Le sue dichiarazioni non sono credibili. Ecco perchè Giuseppe Massaro (avvocato Alessandro Della Ratta), 55 anni, di Sant'Agata dei Goti, è rimasto in carcere, dove è entrato venerdì, arrestato dai carabinieri nell'inchiesta sull'omicidio di Giuseppe Matarazzo, il 45enne pastore di Frasso Telesino ammazzato a colpi di pistola lo scorso 19 luglio dinanzi alla sua abitazione alla contrada Selva.
Stessa sorte anche per Generoso Nasta (avvocato Orlando Sgambati), 30 anni, di San Felice a Cancello, che, a differenza di Massaro, aveva scelto di avvalersi della facoltà di restarsene in silenzio. Il 55enne aveva invece risposto al gip Flavio Cusani, che ha adottato l'ordinanza di custodia cautelare su richiesta del sostituto procuratore Francesco Sansobrino, dicendosi del tutto estraneo al delitto e fornendo la sua versione sulle circostanze contestate. Prima tra tutte, quella di aver fornito la Fiat Croma, che Nasta avrebbe guidato, adoperata per portare a termine la missione di morte.
Come più volte ricordato, l'indagine, già scandita nello scorso ottobre da un incidente probatorio per il quale era stato 'avvisato' il papà della 15enne che nel 2008 si era tolta la vita – Matarazzo era stato condannato per abusi sessuali ai suoi danni-, prosegue senza sosta per risalire a chi ha fatto fuoco contro la vittima ed al mandante.
“Un delitto su commissione, con la vendetta come unico movente”, l'ha definito il Procuratore Aldo Policastro, che non è andato oltre. Non avrebbe potuto fare altrimenti perchè, evidentemente, i sospetti su un gesto terribile ordinato dai familiari della minore sono al momento ancora tali e non si sono tradotti in gravi indizi di colpevolezza.
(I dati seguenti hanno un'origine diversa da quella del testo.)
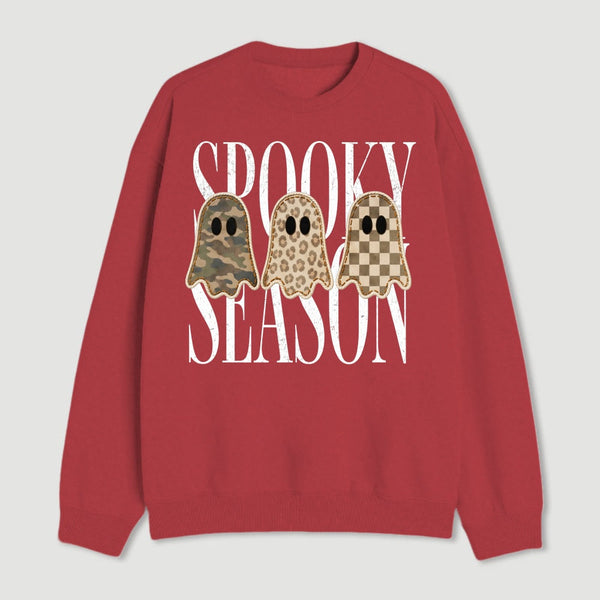 Spooky Season Ghost Camo Leopard Checkerboard Halloween Sweatshirt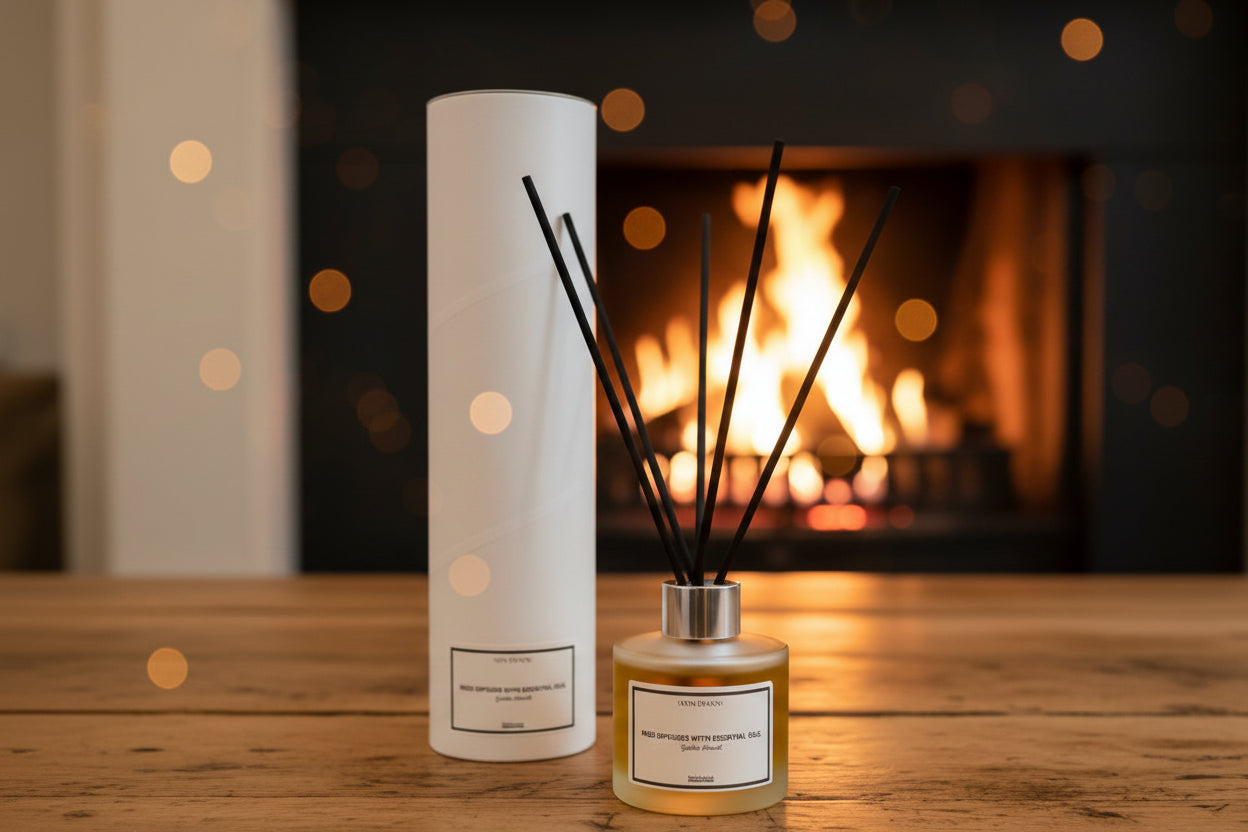 Diffuser with black sticks and cylindrical container on a light background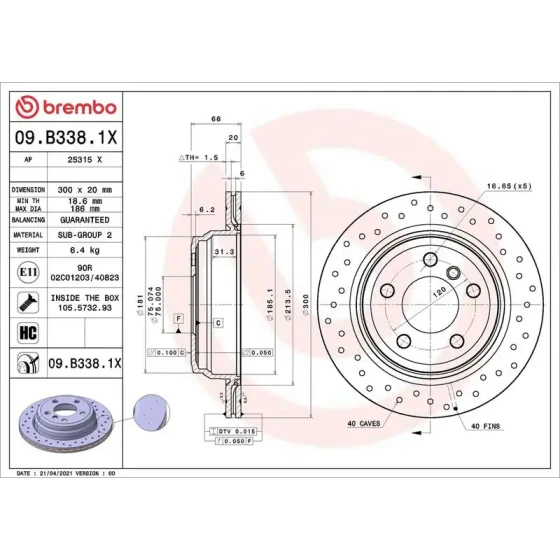 Brembo Arka Fren Diski – 09.B338.1X / OEM 34216797344 ürün görseli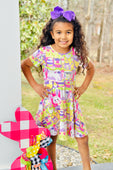 Bright Easter Party Mix Print Twirl Dress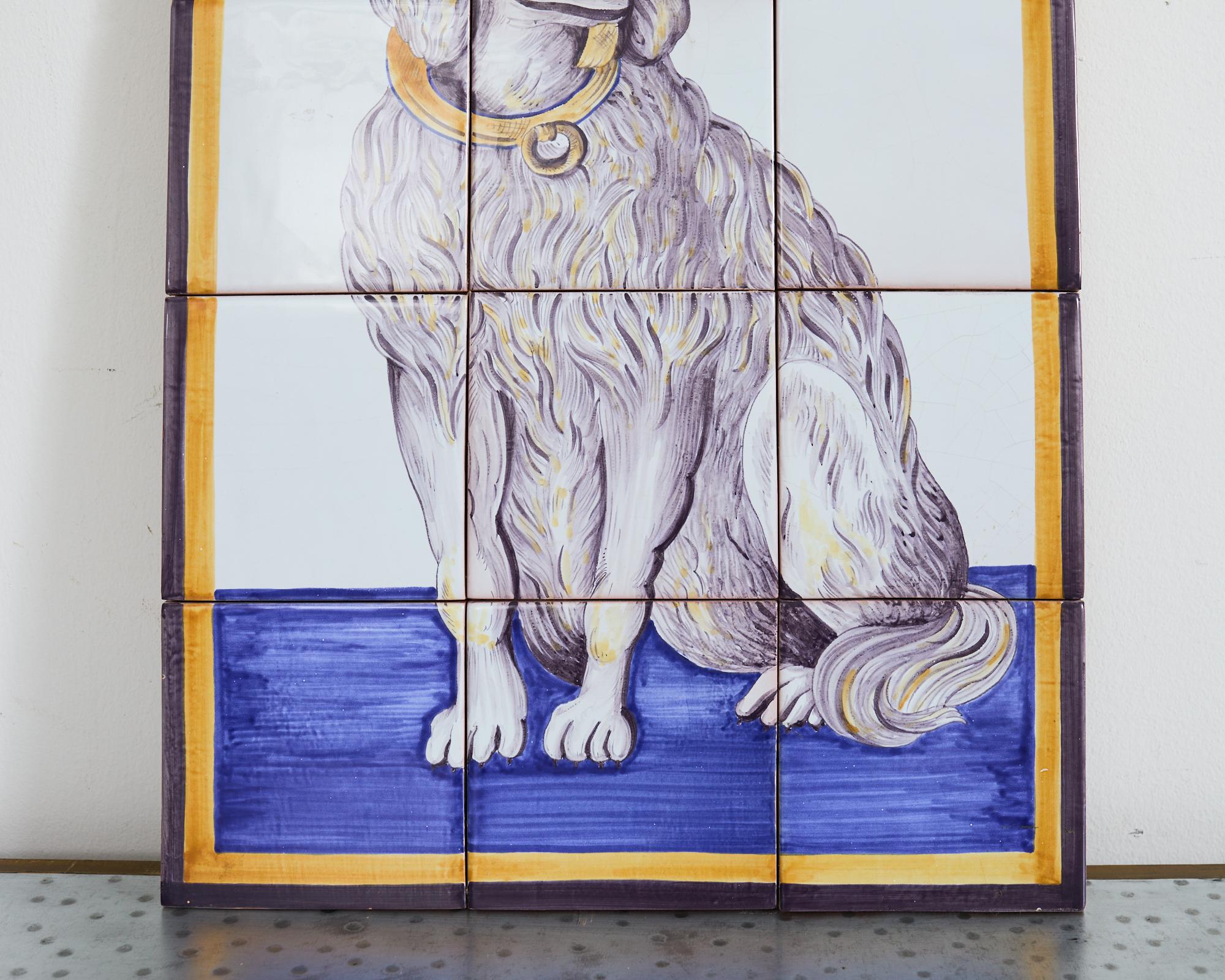 Pair of Dutch Delft Tile Panels of a Cat and Dog For Sale 5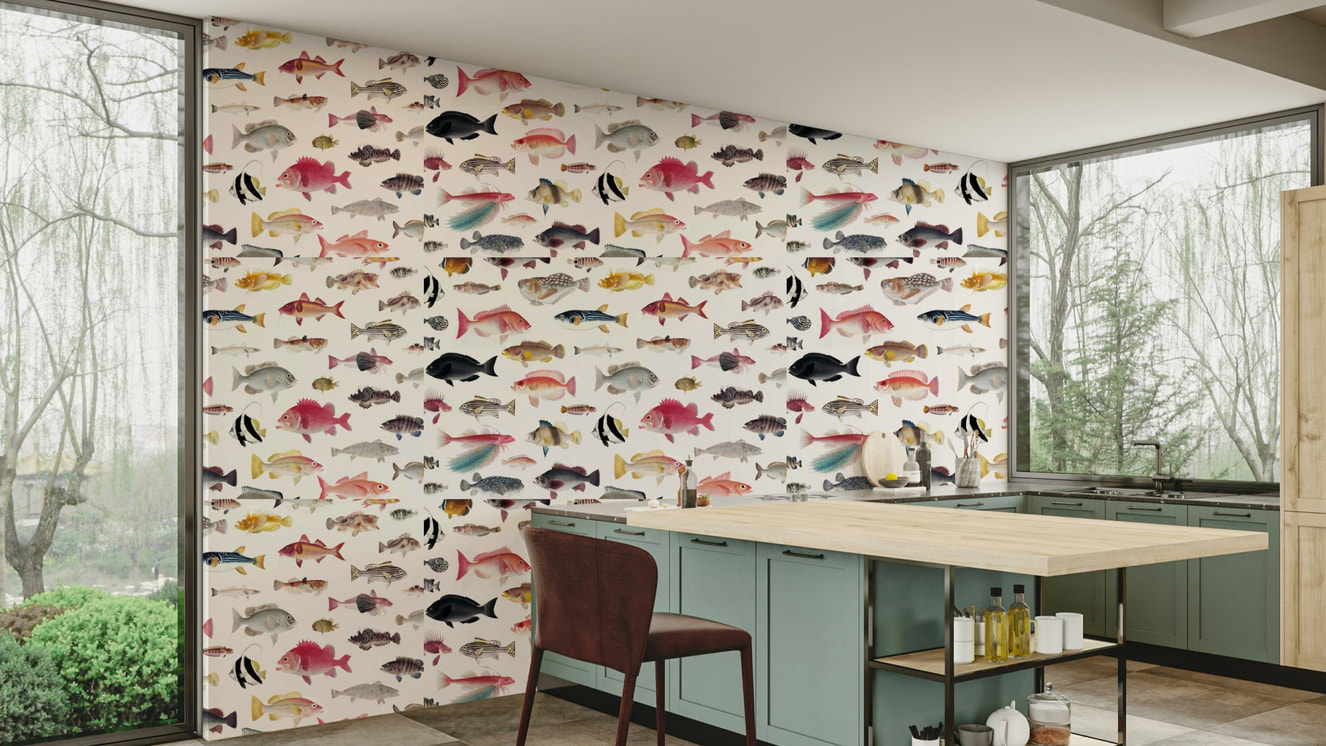 Realistic aquarium wallpaper with tropical fish and coral

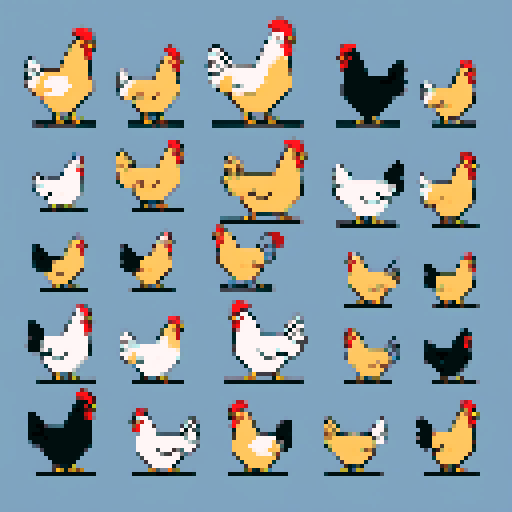 several sprites. different chicken breeds. flat vector modern cross stitch style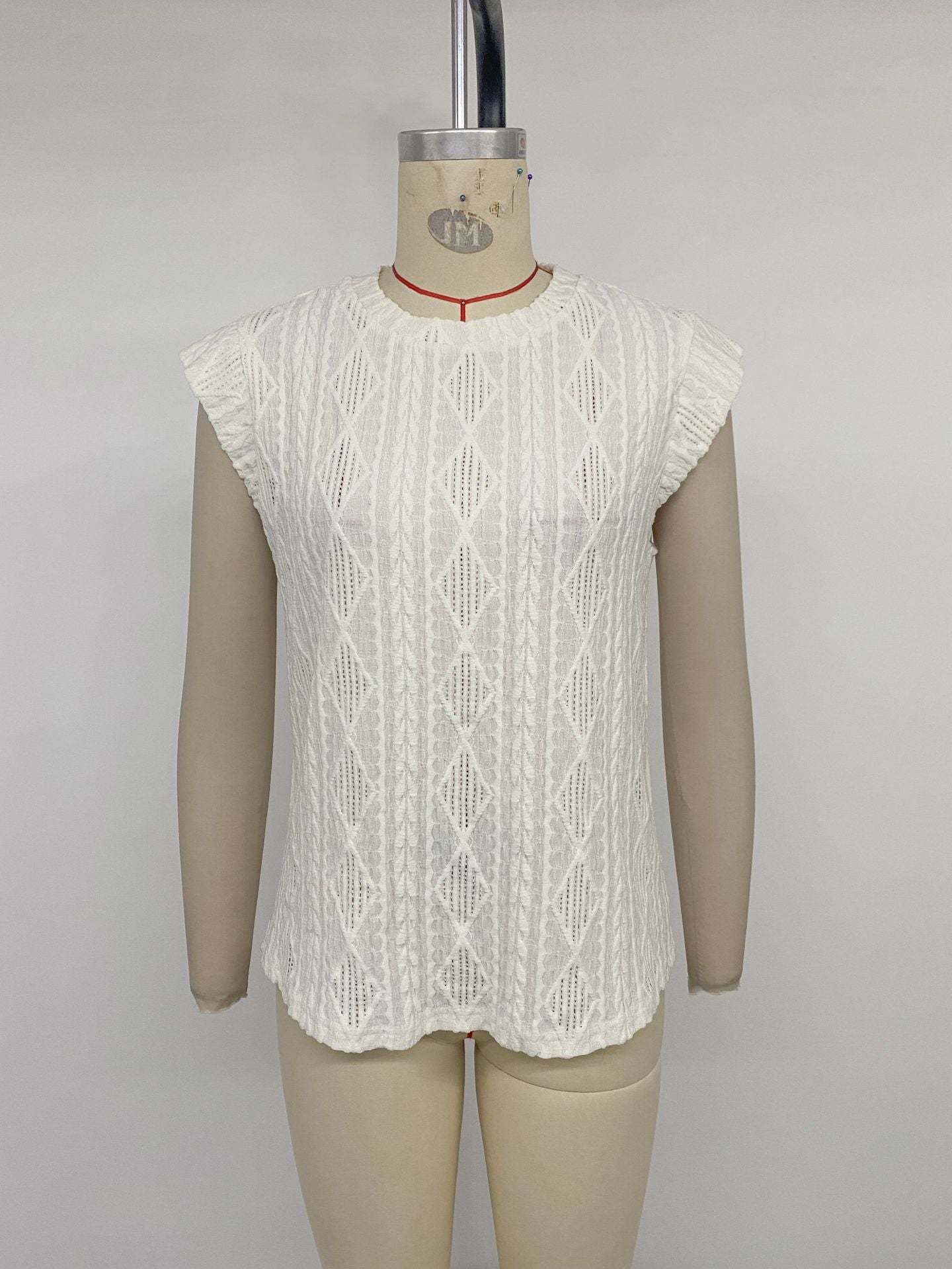 Beige Knit Sleeveless Top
Identiche le conclusioni anche in relazione alla pista del denaro, ancora al centro di accertamenti.
Dopo la decisione del Gip all'esito degli interrogatori di garanzia, ora la prossima tappa verrà registrata al Riesame, che dovrà pronunciarsi sui ricorsi che nel giro di qualche giorno i legali presenteranno contro il provvedimento restrittivo.